There is a world-wide demand from the security industry for a low-cost, reliable system which can be used to automatically identify people. Biometrics is seen as the way forward as it provides the ultimate level of security - the identification of people by their personal characteristics. There are several biometrics systems currently being developed which use fingerprints, voiceprints, facial characteristics, eye features or hand geometry. Yet none have so far been able to meet all the user requirements in terms of reliability, public acceptability and cost. Using fingerprints, for example, has criminal overtones and scanning the eye, although very accurate, is seen to be too intrusive.

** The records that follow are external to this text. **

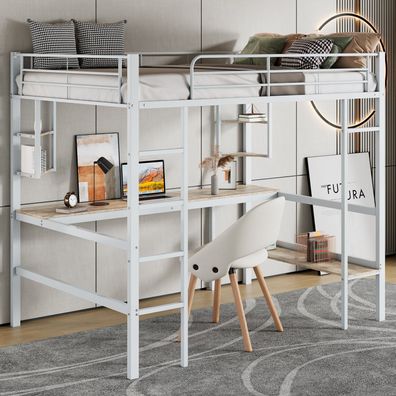 90x200cm Weiß Metallbett Hochbett mit Schreibtisch Bücherregal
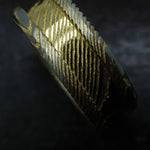 24K Gold Plated Twisted Stainless Damascus Steel Ring Blank 8mm Wide 4mm Channel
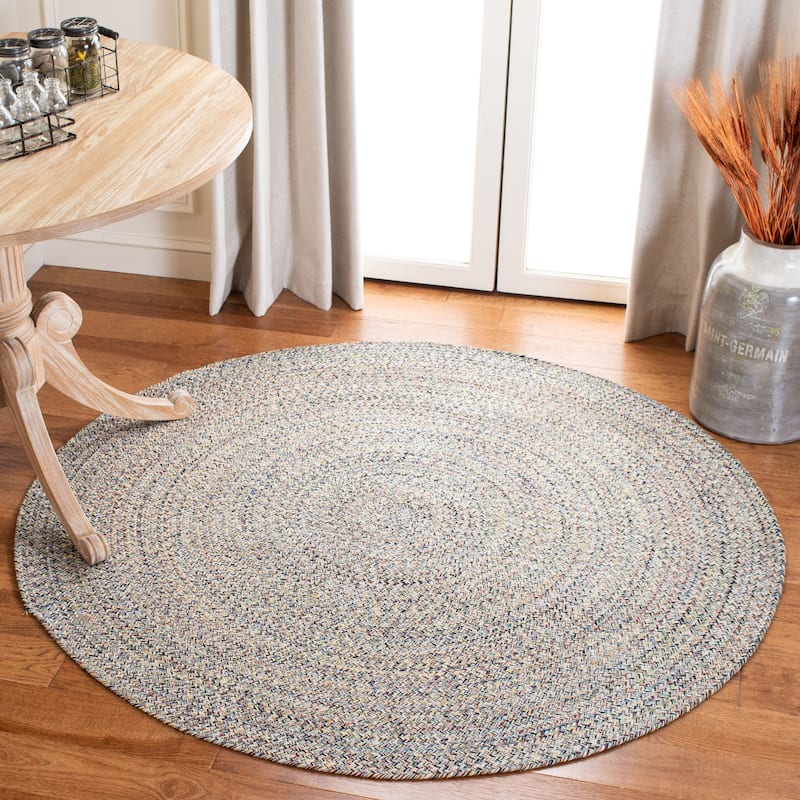 SAFAVIEH Handmade Braided Anine Country Cotton Rug - 7' Round - Blue/Ivory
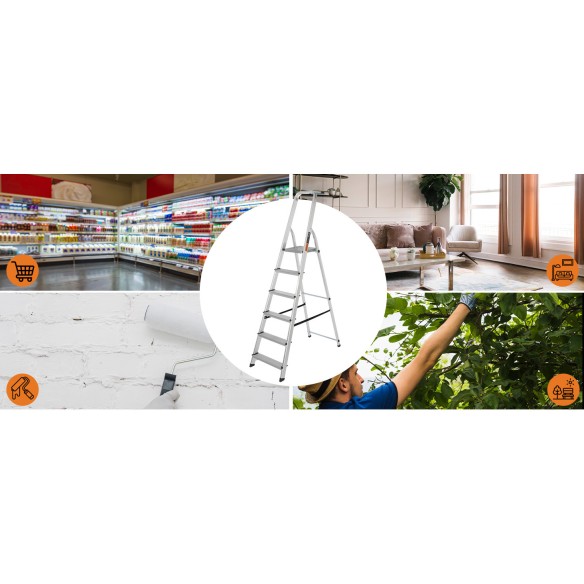 铝合金家用折叠梯 — 轻便耐用多功能家居梯子 | KSEIBI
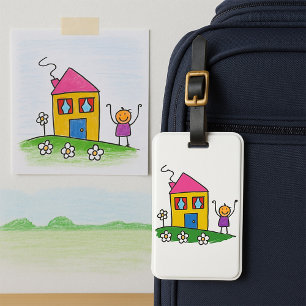 Happy Home Colourful House and Stick Figure  Luggage Tag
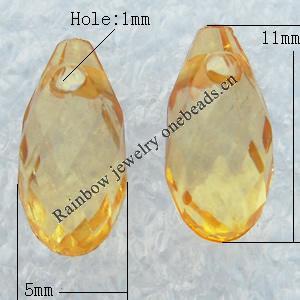 Transparent Acrylic Pendant, Faceted Teardrop 11x5mm Hole:1mm, Sold by Bag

The Vein Biometrics project is looking at a biometrics technology which has the potential to revolutionise the security industry. It is based on the recognition of people by the vein patterns in their hands. Infra-red light is used to create an image of the veins which can then be converted into a vector pattern or a string of numbers and stored on a computer or plastic card. This technology is much simpler and cheaper than other systems because the image capture is easier and the image processing avoids the need for complex pattern recognition. Another advantage is that vein patterns are unique, stable and virtually impossible to copy or damage. Checking veins also has no negative social connotations which would hinder its public acceptability.
The aim of the project is to validate this technology and prove it in practical applications. The potential applications are many, as the security industry covers everything from access to buildings, time and attendance recording, to the payment of State benefits and the use of credit cards.

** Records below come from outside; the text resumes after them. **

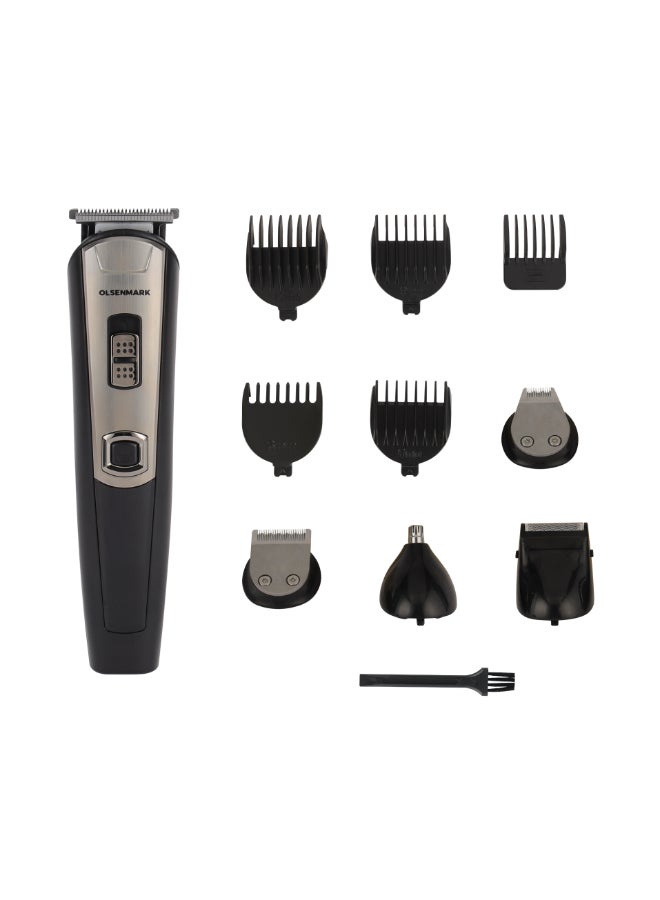 11-in-1 Men's Grooming Set, Cordless Operation, With 5 Changeable Heads, Hair Clipper Attachment, Beard Trimmer Attachment, Shaver Attachment, Noise/Ear Hair Trimmer Attachment, USB Cord Black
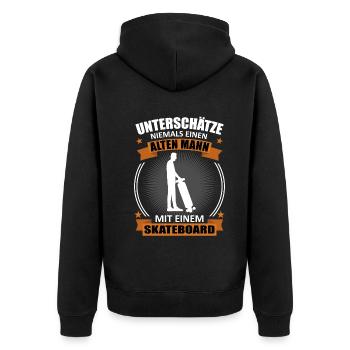Skater Alter Mann Spruch Skaten Geschenk - Unisex Premium Bio Zip Hoodie - Schwarz - Hinten - Nico (187cm)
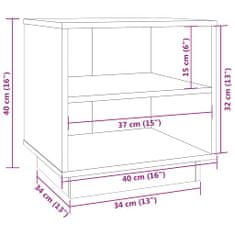 Vidaxl Nočna omarica medeno rjava 40x34x40 cm trdna borovina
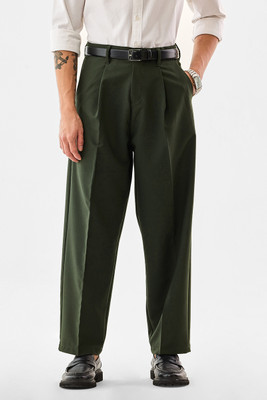 Snitch Relaxed Men Dark Green Trousers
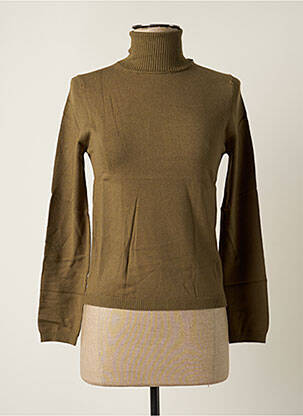 Pull col roulé stretch manches longues vert STEFAN GREEN femme
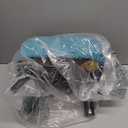 Leesingdo Small Footstool with Handle, Velvet Ottoman Foot Rest with Padded Seat, Curved Foot Stool with Wooden Legs, Portable Foot Rest for Living Room, Bedroom, Entryway, Peacock Blue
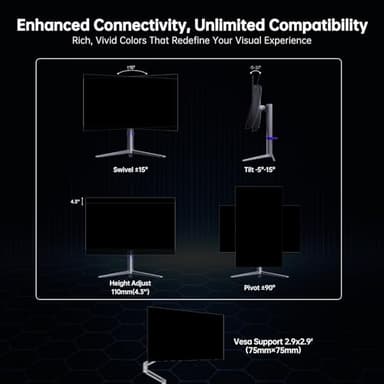KTC 27-inch OLED Gaming Monitor | QHD 2560x1440P | 240Hz 0.03ms GTG | 1.5M:1 Contrast Ratio | DisplayHDR True Black 400 | 65W USB Type-C | Dual Speakers | Comes with Type-C, HDMI & DP Cables Included - Image 8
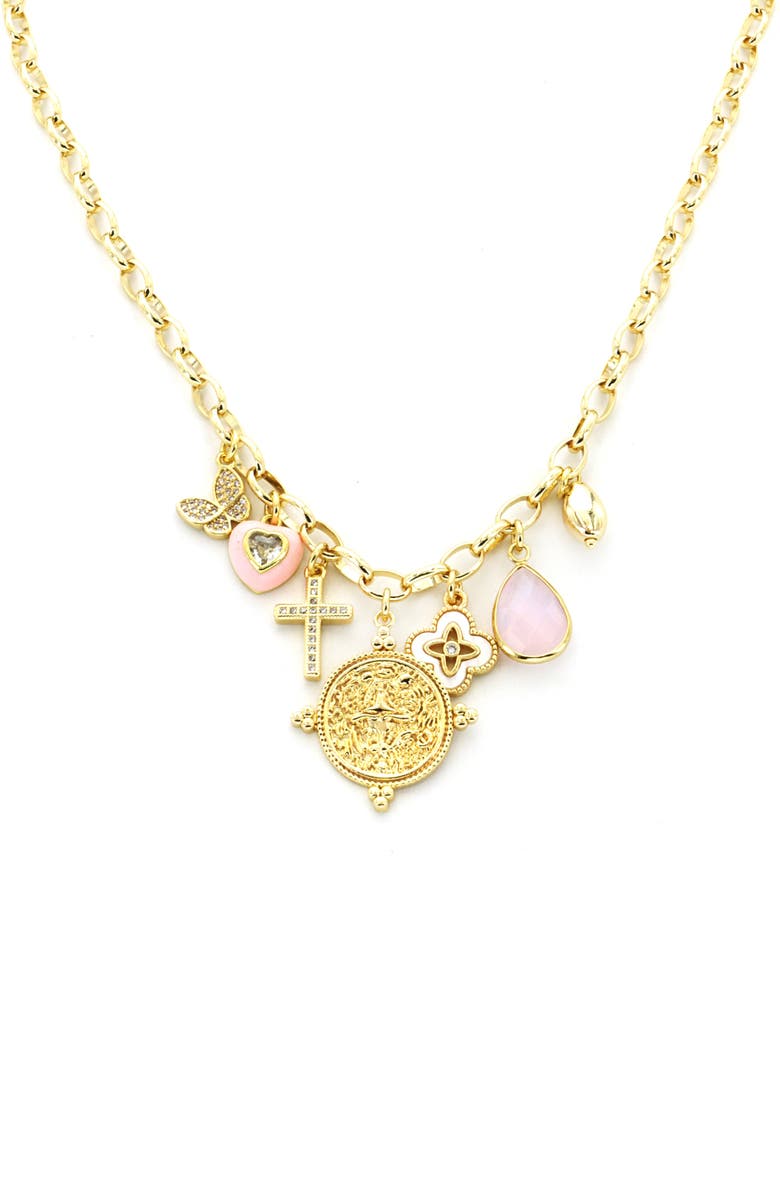 Panacea Crystal & Enamel Charm Necklace, Main, color,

The project initially focused on developing and testing prototypes for access control applications such as entry into premises and the securing of information on computers. The results were then evaluated in relation to more complex areas of application like the financial transactions market, supported by a comprehensive dissemination programme.
In developing the prototypes user requirements was assessed in relation to the following aspects: ease of use, the potential for circumvention, work and environmental factors, public acceptability and cost. These determined design issues covering such areas as ergonomics and speed of processing. The project also addressed the verification performance of the vein check system as its reliability in terms of correctly identifying people is fundamental to all potential users.
The ultimate goal is to encourage potential users to be confident enough in this biometrics system to introduce it into major commercial applications. Public backing by a large industry sector such as banking would open up a whole range of market opportunities across many industries and could establish vein checking as the leading biometrics system. It is predicted that the European market for access control products alone will be worth $3.25 billion by 1997.